# We once stood tall



## Cermage (Dec 22, 2007)

http://goooglebot.deviantart.com/art/We-on...ll-too-72685571

Click the link to understand. and the image itself isn't posted here because its too big (1024*768)


----------



## ARK6476 (Dec 24, 2007)

Wow, that's really good. Did you make that? If so, then well done!


----------



## laminaatplaat (Dec 24, 2007)

kinda looks like a game, I mean the textures arent that high quality. It is as if you made it using a game engine..

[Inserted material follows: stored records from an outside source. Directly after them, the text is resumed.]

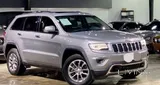 JEEP GRAND CHEROKEE LIMITED 2015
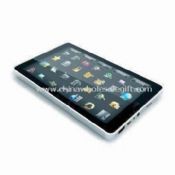 Tablet PC med 7-tums kapacitiv skärm G-sensor och FM-Radio images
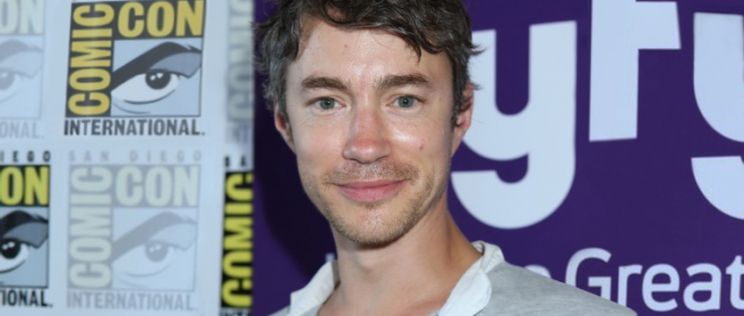 Tom Wisdom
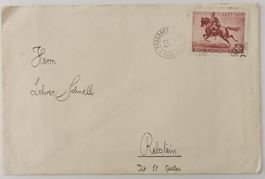 Feldpost 1939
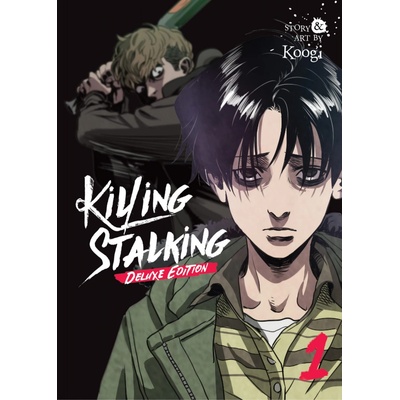 Killing Stalking: Deluxe Edition 1 - Koogi
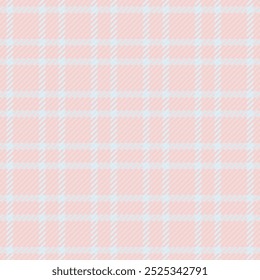 Textile design of textured plaid. Checkered fabric pattern swatch for shirt, dress, suit, wrapping paper print, invitation and gift card.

I  hope you also made the back ground because it is full of detail and color.


----------



## .TakaM (Dec 24, 2007)

looks like terragen :/


----------



## JKR Firefox (Dec 24, 2007)

QUOTE(.TakaM @ Dec 24 2007 said:


> looks like terragen :/



He mentions in the quote towards the bottom that it indeed it was made with Terragen.  Good eye pointing that out tho 
	

	
	
		
		

		
			





Very good Incomplete if you actually made that yourself.  If not, then congratulate the artist on a job well done.

- Fitzy


----------



## Cermage (Dec 24, 2007)

i did all of it..... besides the planets which were stocks. and The textures were hard-ish to get what i wanted so i gave up and continued on with what i had xD


----------



## ZAFDeltaForce (Dec 24, 2007)

A job well done mate


----------